Rigidity: One person in the group seems unresponsive to group process. Even after group brainstorms, discussions, straw polls, go rounds, and modified proposals, it seems as if this person hasn’t been listening. They are unwilling to take other voices into account, and will not budge from their unadulterated position. This makes it difficult to pass proposals or to make meaningful decisions as a group.
Stumping: After much discussion and brainstorming, a go round, a straw poll, and a “tally vote” show strong group support for two particular plans of action. Instead of respecting this process, one person goes back to the beginning of the discussion and begins to “pitch” whichever idea they personally are most attached to. This type of stumping is a vestigial carryover from electoral decision making styles, where the goal is to “advertise” certain ideas in order to get the majority of votes. Stumping can derail a group process that should be focused on the merits and concerns of various proposed plans, and on the nuances and ideas that each person in the group can bring to these proposals. Meeting time should not be used to “get people onto your side”, but to co create meaningful plans of action.
Pushing the Process: This person suggests, at crucial moments, that things are taking too long, that the group doesn’t have time to come to consensus, or that a decision needs to be made quickly. This suggestion often comes at moments of high emotion, high consequence, disagreement, or discomfort, and often comes at the expense of voices that are already at the margins. This might be followed by the suggestion that a few people be empowered to make the crucial decision without group input, or that the process be cut short and things be put to a vote.
Transferring of Roles: As often happens in small communities, you might find yourself working in an activist group with someone who, in another context, is your employer, your professor, your partner, your classmate, or even your landlord. In most cases, it’s not enough to declare that those daily roles don’t matter. Instead, it is important to watch out for ways that those power stratifications might seep into group decision making and group process.
Silent Judgement, and Gossip: This person keeps their criticisms and concerns to themselves during meetings, but loudly spreads negative opinions once the meeting is over. By establishing groundrules and using good facilitation, consensus run groups attempt to create an opportunity for concerns and criticisms to be heard and worked through within meetings.
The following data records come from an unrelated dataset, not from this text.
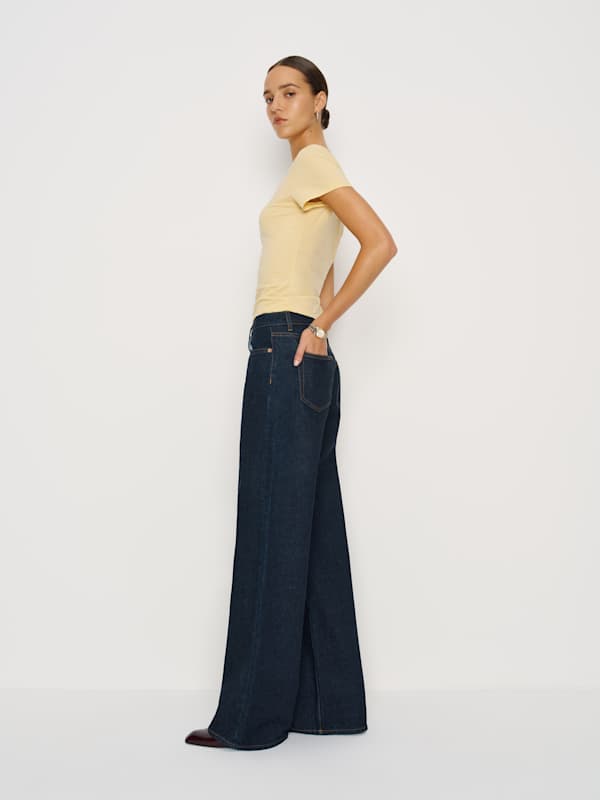 Cary Low Rise Slouchy Wide Leg Jeans - Ondine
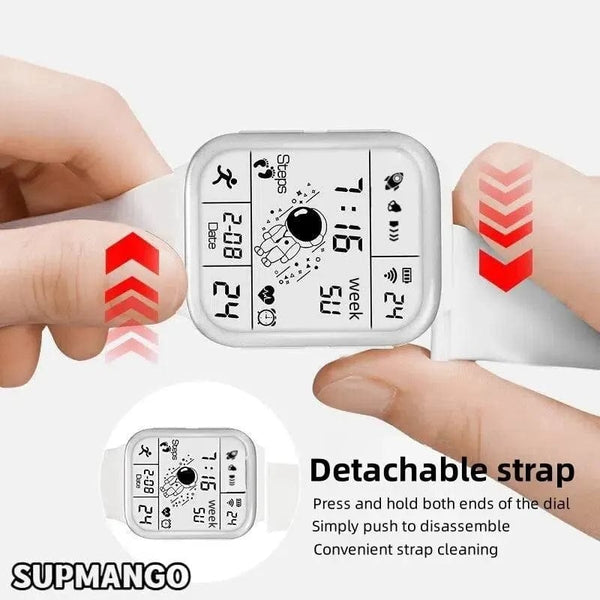 Planet Gates TKR White Astronaut Square Watch Male and Female Students Cool Black Technology Intelligent Running Children's Electronic Watch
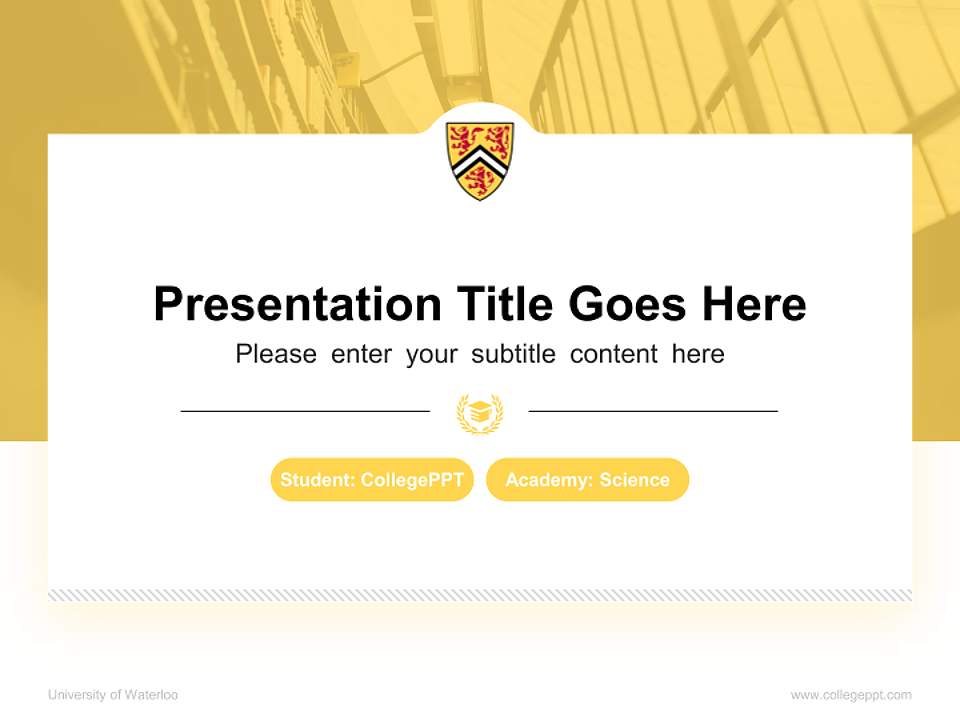 University of Waterloo National Scholarship Defense PPT Template4:3 ratio PPT effect preview image4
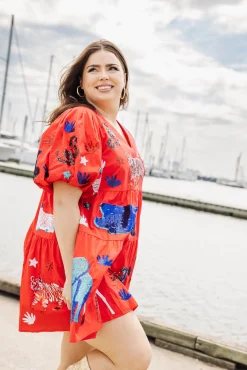 Red, White, and Blue Animal Poof Sleeve Dress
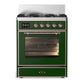 Ilve UM30NR3EGP Ilve Um30Nr3Egp Majestic Iii 30 Inch Dual Fuel Range With 5 Black Brass Burners, Dual Function Burner Up To 25,000 Btu (Natural Gas, Triple Glass Door, Emerald Green, Copper)
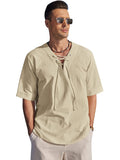 Casual Breathable Lace Up Shirt (US Only) Shirts coofandy Khaki S
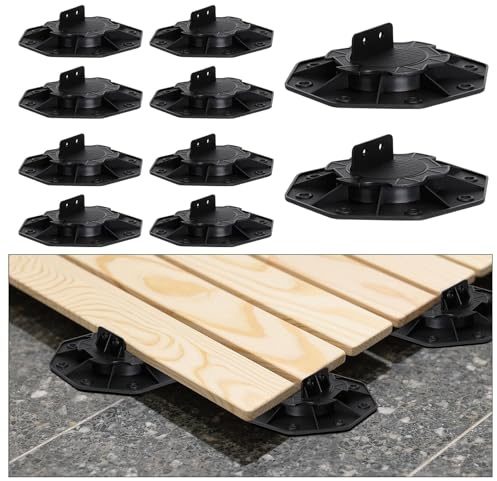 10 Pack Adjustable Decking Pedestal 18-30mm, Heavy Duty Joist Support Riser | for Wood, WPC & Composite Decking, UV-Proof Levelling System for Uneven Patios & Shed Base Reinforced Design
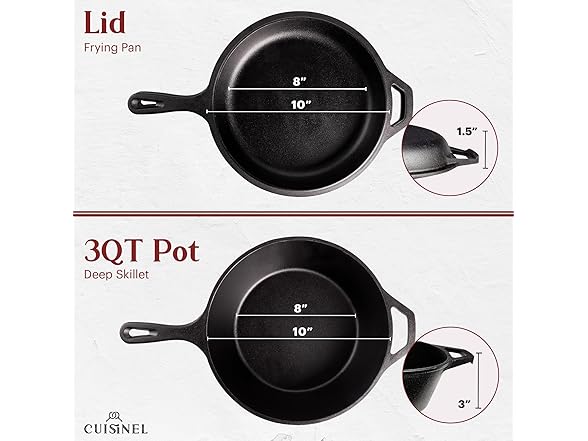 Cuisinel Cast Iron 2-In-1 Multi Cooker Set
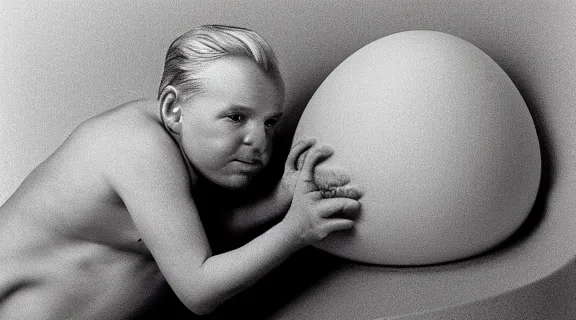 Image similar to Donald Trump in an eggshell photographed by Anne Geddes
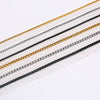 Wholesale Stainless Steel Stacking Style Geometric Pearl Chain Necklace With Electroplating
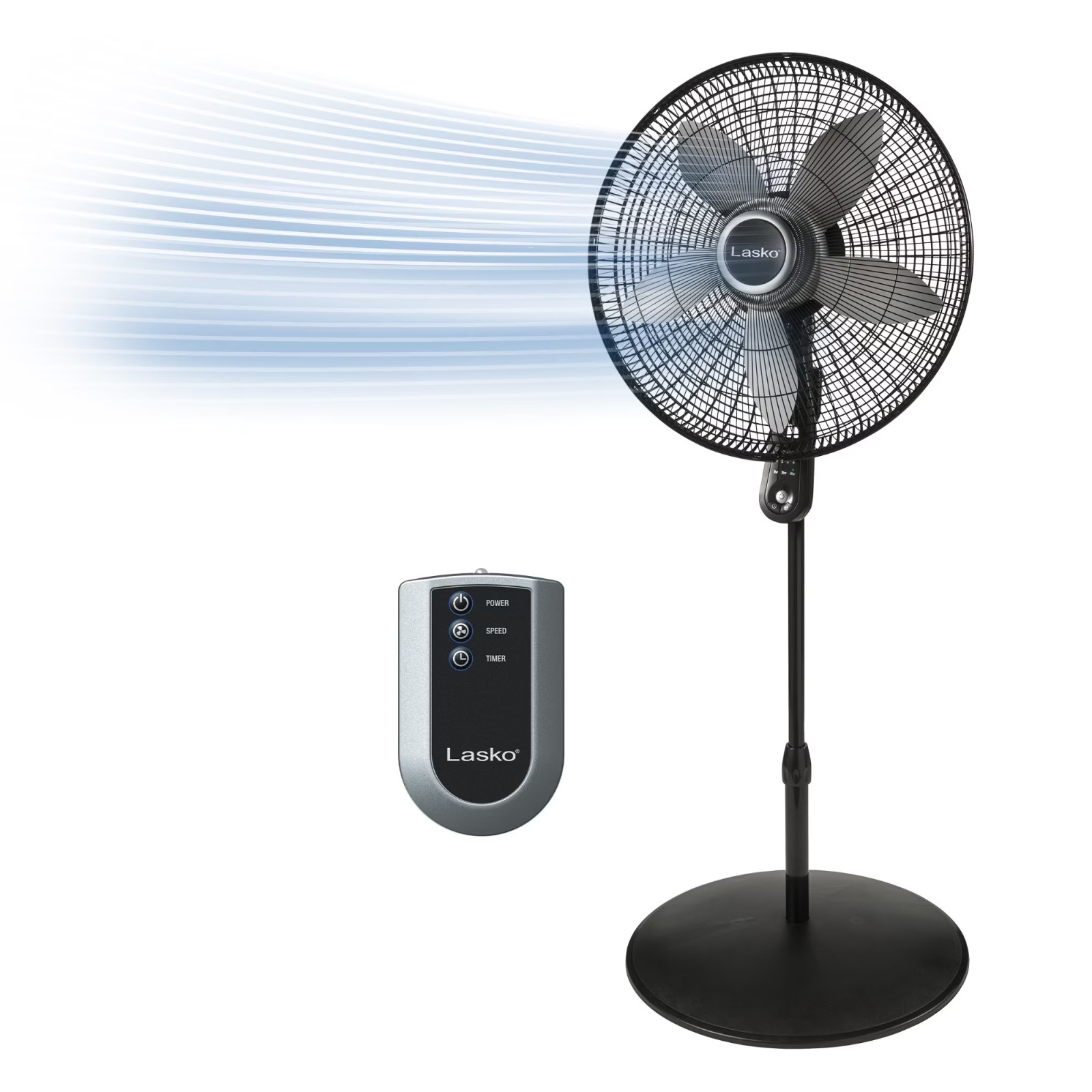 Lasko 20" 4-Speed Adjustable Remote Controlled Pedestal Fan, Black, S20620 NEW gallery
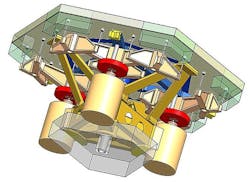 FIGURE 3. Single-mirror section with three actuators, used for the European Southern Observatory ELT telescope. FIGURE 3. Single-mirror section with three actuators, used for the European Southern Observatory ELT telescope.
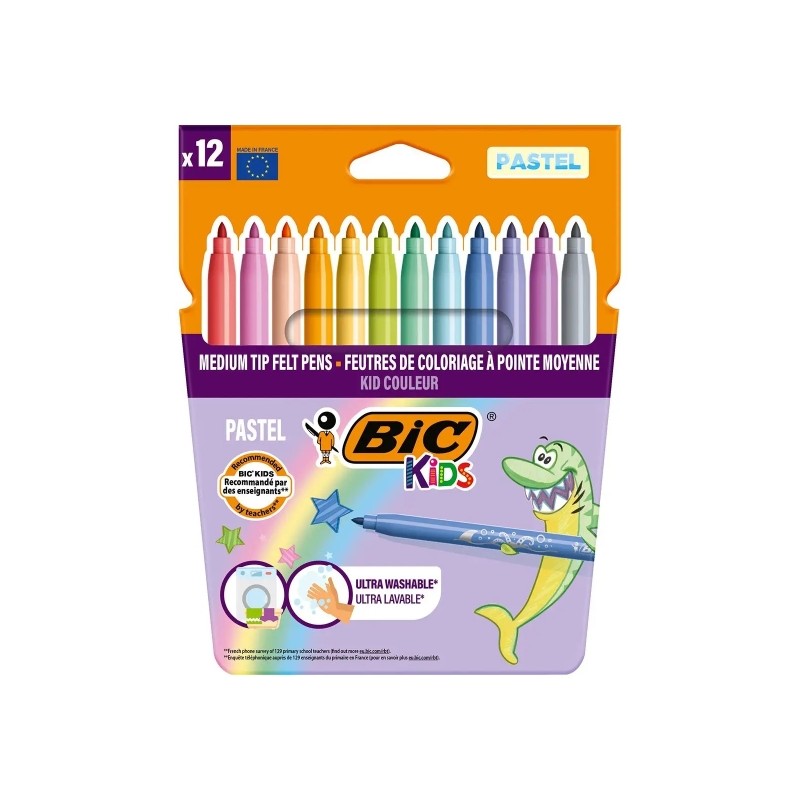 Bic Kids Couleur Pastel Confezione da 12 pennarelli - Punta media - Lavabili - Colori pastello assortiti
Bypassing this can create an atmosphere of intimidation as well as a lack of trust and a lack of accountability. It also can be a power grab because the person has the luxury of voicing criticisms and concerns without the difficulty of hearing responses to them.
Acting Defensive. This person cannot hear concerns or criticism within meetings without directly responding to them each time, or treating them as personal attacks. This can subtly discourage much needed honesty during debriefs, which are built to help groups improve.
What To Do About It
Set Groundrules. For a group that meets together often, there might be one set of co-created groundrules that is always posted at meetings. A group that meets together for a one-time event can come up with groundrules at the beginning of the event. Groundrules are aimed at creating a shared understanding of basic behavioral conduct within the meeting, at creating a safer space for all to participate authentically, and to build trust within the group. It can be useful to go back to the groundrules and check in if the vibe of the meeting is off. Groundrules can be useful as a way to identify unwanted power dynamics within the group.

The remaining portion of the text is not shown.